Bir Asimetri ki...

Bir Alfred Hitchcock filminin sahnesini izler, ya da bir grand operanın acıklı uvertürünü dinler veyahut Sartre’ın Bulantı’sının sayfalarını çevirir gibi nasıl adlandırırsanız öyle tedirgin edici, toplumsal varoluşumuzun gerçeği öylesine rahatsız edici...

Eril belleklerde, bazı kocalarda, kimi adamların fikrinde bazen bir tecavüz hevesi, değil mi ki akıllarına koymaları yeterli. Zihniyetin erilliğince, kadınlar, o dakika, adamların arzu nesnesi.  Adam, arzusuna, arzusu ise kişisel bir iktidar alanına tabi. Cinsellik, o an vaat edilmiş bir egemenlik bahçesi…

Lakin bazen kadınların bu arzuya direnmesi, egemenliğin sendeleyişi. İşte bu savunma,  “nesne”nin pasifliğinin iptali. Arzuyu tehir etmek, etmeye kalkmak kadına dair ezberletilmiş sahte nesnelik hali ile yüz yüze geliş değil mi? O an arzu, bir harb yeri, bir feca’at (felaket, afet) meskeni. Kadınların bedeni ise güç nesnesi, arzunun tatminine ilaveten sunulacak bir zafer vaadi…

Kadınların direnci, erilliğin zahmkar (yaralayıcı) ısrarı. Direnç, ısrar, ısrar direnç. Sayısını bilemediğimiz binlerce benzeri bu harp hallerinde arzunun geri çekilişi. Arzunun yitirilişi, erilliğin egemenliğinin kaybedilişi, işte o dakika kadınların bedeni, intikam nesnesi.

İntikam: Kaybedilmiş erkin, geri çevrilmiş arzunun aldatıcı telafisi. Darp, yara, kan, kesik, tüm telafi hamlelerinin nihayetinde küle tebdili.  Ve sonunda kadınların bedeni,  suç delilleri.

Kadının mı? Fikrinde hayalleri. Aklına koyması yeterli mi belli değil ki?
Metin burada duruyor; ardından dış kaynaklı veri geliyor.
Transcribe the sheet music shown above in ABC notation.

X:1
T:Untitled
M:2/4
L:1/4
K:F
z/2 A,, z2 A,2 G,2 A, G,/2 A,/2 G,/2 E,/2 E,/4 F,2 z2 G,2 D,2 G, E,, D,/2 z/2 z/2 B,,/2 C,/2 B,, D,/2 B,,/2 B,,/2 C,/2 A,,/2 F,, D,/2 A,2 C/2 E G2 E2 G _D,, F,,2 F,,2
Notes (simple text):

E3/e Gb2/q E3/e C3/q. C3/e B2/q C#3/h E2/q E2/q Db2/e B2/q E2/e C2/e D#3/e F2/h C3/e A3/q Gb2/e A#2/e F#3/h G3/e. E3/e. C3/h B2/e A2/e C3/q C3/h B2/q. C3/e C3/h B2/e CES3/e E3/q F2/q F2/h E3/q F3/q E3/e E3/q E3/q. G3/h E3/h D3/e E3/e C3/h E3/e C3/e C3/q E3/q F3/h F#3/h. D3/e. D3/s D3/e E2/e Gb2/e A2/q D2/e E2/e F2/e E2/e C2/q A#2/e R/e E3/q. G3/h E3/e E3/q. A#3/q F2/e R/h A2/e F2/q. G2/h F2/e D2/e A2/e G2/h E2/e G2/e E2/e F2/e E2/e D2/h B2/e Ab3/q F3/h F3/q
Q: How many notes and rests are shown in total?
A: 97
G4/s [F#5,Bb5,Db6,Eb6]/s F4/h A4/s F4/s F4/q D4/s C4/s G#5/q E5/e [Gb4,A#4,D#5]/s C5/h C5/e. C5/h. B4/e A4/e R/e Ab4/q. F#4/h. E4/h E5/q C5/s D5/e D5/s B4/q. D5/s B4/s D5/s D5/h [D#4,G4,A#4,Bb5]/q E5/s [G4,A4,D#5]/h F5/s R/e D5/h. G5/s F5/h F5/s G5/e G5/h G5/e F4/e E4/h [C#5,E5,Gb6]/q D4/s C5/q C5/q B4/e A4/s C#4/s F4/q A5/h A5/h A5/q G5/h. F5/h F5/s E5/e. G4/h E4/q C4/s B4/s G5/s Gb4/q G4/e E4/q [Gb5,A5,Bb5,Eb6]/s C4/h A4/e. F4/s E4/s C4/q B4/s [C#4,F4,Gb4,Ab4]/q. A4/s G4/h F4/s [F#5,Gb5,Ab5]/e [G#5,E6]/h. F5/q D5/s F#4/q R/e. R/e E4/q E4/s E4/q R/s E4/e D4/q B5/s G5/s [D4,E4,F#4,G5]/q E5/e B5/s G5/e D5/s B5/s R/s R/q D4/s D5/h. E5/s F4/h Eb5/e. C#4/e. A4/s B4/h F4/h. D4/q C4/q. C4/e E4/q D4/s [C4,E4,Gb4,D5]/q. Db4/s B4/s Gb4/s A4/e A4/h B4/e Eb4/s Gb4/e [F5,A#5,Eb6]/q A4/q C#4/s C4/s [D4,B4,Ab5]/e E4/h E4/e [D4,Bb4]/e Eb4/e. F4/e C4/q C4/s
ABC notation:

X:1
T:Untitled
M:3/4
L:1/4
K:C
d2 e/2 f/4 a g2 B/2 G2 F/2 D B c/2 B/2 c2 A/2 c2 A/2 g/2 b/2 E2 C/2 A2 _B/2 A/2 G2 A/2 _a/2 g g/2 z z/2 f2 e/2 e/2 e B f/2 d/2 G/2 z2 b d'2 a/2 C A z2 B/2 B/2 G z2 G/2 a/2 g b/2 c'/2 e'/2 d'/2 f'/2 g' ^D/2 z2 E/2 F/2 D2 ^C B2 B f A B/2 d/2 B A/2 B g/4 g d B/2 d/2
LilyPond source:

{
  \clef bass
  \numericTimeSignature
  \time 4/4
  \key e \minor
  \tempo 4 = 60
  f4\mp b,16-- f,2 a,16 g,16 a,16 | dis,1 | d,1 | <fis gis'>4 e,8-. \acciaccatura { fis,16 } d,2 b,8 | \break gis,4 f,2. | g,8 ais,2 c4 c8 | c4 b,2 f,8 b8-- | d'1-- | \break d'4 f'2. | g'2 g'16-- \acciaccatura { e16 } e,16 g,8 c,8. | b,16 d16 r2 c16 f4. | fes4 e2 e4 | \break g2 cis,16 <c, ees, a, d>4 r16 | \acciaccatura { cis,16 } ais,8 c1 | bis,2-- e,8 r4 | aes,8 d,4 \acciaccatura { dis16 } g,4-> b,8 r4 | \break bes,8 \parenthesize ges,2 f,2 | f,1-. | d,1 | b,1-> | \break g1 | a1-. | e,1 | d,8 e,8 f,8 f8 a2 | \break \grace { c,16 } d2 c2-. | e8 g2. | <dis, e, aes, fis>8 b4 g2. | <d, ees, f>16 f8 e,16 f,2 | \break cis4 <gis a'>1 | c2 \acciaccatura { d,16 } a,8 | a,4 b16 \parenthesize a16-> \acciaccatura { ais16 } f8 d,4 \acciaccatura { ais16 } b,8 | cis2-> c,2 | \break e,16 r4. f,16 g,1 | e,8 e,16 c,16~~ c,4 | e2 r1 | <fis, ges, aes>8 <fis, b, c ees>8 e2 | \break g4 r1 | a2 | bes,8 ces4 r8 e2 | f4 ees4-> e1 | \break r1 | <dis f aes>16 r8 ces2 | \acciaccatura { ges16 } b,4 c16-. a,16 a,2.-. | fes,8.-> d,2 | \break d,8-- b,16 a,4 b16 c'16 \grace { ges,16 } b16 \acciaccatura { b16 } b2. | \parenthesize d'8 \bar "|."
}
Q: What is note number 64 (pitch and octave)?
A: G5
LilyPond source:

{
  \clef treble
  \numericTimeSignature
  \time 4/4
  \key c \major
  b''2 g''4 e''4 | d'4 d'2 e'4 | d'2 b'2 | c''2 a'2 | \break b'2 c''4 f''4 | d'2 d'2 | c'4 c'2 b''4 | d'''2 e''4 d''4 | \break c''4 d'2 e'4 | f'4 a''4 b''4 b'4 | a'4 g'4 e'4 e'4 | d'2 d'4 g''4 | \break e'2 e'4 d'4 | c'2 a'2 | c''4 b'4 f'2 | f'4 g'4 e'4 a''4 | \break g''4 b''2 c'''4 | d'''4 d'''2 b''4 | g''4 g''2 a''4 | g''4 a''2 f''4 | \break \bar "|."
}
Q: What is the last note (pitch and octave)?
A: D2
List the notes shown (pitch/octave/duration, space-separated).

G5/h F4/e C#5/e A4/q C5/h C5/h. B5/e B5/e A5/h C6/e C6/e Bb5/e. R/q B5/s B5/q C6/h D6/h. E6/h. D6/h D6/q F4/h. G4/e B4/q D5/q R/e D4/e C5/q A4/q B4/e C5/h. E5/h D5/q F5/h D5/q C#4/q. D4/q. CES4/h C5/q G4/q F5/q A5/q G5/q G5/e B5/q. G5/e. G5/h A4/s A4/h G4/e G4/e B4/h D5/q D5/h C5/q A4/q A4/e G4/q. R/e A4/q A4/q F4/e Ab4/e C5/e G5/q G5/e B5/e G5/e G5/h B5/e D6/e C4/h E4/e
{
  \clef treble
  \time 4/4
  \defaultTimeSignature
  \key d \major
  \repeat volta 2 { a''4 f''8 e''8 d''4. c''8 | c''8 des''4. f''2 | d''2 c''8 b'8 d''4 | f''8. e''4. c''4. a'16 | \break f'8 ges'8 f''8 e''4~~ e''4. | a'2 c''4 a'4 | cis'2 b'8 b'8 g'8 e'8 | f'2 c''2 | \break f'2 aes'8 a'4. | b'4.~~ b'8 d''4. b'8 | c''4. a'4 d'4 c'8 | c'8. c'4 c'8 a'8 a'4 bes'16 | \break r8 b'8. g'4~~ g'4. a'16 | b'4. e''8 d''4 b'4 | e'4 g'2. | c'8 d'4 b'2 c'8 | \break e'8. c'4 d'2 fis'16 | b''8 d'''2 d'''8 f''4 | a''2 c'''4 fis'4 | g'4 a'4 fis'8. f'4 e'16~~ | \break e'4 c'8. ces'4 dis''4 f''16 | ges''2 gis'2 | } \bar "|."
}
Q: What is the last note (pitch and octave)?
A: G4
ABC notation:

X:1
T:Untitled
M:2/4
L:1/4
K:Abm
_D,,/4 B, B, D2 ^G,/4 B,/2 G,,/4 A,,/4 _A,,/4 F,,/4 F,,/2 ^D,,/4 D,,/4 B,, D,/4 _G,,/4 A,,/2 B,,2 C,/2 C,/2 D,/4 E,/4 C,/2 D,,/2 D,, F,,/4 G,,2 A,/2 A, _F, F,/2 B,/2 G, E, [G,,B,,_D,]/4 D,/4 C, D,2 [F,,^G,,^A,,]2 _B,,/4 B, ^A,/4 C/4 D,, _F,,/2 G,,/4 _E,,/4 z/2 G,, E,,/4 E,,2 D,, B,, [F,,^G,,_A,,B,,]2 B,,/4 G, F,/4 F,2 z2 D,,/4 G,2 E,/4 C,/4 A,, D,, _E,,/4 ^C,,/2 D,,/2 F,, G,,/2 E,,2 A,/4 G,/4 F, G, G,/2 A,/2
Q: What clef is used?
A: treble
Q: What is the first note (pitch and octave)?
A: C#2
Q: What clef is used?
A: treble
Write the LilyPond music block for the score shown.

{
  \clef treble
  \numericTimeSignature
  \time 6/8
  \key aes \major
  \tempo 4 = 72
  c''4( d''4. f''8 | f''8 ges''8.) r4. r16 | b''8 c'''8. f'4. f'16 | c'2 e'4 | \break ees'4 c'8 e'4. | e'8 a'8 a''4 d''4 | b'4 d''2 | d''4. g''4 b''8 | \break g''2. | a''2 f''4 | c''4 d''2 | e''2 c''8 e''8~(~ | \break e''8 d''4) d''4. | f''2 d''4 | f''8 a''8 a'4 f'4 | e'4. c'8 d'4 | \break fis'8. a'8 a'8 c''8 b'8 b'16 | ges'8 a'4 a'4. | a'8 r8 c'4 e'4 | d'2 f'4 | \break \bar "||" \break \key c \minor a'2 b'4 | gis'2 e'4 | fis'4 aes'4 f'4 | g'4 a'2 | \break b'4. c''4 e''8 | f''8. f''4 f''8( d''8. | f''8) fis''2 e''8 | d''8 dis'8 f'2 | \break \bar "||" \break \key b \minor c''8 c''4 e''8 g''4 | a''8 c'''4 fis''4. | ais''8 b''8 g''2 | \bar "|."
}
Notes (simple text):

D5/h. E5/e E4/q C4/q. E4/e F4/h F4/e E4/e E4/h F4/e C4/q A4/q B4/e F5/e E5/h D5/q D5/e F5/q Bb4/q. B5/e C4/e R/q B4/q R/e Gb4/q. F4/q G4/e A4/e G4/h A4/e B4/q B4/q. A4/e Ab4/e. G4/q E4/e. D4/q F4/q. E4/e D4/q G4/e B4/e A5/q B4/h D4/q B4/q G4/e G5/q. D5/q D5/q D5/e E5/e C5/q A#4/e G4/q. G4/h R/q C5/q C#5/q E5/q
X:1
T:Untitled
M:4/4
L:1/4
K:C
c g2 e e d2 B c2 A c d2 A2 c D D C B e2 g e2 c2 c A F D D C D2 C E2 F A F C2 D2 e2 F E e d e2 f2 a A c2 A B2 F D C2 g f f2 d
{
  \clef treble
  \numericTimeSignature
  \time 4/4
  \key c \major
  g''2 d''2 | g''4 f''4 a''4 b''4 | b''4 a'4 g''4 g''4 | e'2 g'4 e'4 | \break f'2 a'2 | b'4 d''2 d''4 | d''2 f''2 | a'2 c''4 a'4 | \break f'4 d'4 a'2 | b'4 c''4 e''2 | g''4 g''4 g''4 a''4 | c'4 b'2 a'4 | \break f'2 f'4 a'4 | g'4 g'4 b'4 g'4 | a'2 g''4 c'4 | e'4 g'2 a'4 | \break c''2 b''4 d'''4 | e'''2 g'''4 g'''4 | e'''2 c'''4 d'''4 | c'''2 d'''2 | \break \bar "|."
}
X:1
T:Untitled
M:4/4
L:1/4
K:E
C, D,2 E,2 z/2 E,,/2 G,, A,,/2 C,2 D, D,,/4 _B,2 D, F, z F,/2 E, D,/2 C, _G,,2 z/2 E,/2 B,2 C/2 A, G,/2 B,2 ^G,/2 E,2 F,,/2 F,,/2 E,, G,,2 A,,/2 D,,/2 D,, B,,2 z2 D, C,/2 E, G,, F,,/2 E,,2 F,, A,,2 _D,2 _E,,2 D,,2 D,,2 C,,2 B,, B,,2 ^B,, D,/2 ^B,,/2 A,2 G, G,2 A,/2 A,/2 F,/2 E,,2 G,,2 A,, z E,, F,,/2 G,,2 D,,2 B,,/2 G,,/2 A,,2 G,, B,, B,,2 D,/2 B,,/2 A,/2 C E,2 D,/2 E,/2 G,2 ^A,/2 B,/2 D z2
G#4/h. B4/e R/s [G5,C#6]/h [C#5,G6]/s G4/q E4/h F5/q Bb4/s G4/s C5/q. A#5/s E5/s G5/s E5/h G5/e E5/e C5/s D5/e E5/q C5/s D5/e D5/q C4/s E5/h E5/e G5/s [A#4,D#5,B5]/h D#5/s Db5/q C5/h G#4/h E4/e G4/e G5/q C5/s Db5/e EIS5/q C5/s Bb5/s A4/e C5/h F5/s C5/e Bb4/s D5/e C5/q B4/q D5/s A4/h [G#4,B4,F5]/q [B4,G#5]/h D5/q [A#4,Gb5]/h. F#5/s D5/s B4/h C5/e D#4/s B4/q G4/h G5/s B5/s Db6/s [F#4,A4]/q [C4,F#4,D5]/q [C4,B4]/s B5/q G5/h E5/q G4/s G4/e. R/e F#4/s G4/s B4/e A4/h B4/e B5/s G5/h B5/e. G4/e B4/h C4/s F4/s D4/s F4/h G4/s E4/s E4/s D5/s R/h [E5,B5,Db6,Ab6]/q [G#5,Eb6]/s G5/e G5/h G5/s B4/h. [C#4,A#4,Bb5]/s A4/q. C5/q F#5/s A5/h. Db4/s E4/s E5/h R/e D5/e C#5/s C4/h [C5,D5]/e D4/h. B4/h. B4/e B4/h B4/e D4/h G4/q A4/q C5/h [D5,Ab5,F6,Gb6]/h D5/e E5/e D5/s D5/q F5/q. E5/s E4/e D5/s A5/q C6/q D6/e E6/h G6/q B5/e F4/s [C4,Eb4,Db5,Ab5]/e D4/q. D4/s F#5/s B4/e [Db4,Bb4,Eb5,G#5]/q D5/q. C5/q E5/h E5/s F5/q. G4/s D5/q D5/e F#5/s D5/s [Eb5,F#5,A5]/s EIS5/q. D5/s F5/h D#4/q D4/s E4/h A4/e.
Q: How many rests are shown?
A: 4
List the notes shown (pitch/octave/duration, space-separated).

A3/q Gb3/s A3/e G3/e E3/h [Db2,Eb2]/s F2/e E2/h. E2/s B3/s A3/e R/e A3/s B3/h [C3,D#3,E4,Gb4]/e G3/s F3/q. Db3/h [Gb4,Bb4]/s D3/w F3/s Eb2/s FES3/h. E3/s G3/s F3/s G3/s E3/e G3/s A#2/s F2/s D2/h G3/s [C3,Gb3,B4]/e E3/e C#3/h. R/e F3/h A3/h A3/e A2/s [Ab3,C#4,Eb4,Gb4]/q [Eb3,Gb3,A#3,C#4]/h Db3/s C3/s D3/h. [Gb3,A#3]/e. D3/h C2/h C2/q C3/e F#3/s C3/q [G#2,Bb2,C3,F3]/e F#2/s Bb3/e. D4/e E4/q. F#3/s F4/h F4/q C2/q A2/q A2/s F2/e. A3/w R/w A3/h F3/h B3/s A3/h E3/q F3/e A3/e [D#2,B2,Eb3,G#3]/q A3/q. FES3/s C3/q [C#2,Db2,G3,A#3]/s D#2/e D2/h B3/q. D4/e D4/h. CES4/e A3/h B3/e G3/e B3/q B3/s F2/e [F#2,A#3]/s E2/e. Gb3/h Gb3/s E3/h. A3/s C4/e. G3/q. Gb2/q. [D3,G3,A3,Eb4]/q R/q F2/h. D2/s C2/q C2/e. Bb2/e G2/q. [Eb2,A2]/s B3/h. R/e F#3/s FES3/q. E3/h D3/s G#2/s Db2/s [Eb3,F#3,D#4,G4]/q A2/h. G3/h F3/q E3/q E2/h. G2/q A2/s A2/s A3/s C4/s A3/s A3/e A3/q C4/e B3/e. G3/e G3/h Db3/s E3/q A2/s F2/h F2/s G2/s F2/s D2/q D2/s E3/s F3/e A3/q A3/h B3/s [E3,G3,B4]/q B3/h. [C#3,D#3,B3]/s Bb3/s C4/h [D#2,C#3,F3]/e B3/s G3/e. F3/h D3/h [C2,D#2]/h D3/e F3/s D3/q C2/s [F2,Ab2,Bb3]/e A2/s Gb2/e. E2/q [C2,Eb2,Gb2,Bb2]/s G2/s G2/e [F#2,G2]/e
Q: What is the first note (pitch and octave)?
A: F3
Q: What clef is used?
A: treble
Hevesine ise cinsiyetlendirilmiş engeller mani.

Biber gazı ise bu marekede onun tek Nesnesi.

Biber gazı spreyi: Kadının cebinde.

Cepte biber gazı: Kadın olmanın tedirginliğinin özeti.

Kadın olmanın tedirginliği: Mıh gibi kazılı kadının belleğinde demek ki.

Kadının cebinde Kadın olmanın tedirginlikleri…

Biber gazı, tetikte gidip gelişlerde, kadına kara ağaç gölgesi demek ki…

Kadın ve bedeni, cinsiyetçi algılarda erkeklerin arzusuna, savaşına, suçuna göre hoyratça dönüştürülen, dönüştükçe genelleşen, genelleştikçe ezberlenen, ezberlendikçe yinelenen o Hitchcock filmi, iç bulandıran bir Sartre klasiği, ayarı baştan bozuk toplumsallığımızın duvarında asırlardır indiremediğimiz Edward Munch’un Çığlık resmi.

Cinsiyet eşitsizliği işte zihinsel, varoluşsal, yaşamsal böyle uzun boylu bir asimetriye tekabül ettiği için tikel örnekler yetiverir geleneksel olanı bir kez daha bileylemeye. Tehlikeli algıları yok etmektense, kadınları o tehlikelerden uzak tutmak en kestirme selamet sokağımız olmasın yine.

Bu asimetriye ama bu asimetrinin uzunluğunca el atılmadığı sürece tedirginlik, ağırlığı gittikçe artan yük olup dolar kadınların ceplerine.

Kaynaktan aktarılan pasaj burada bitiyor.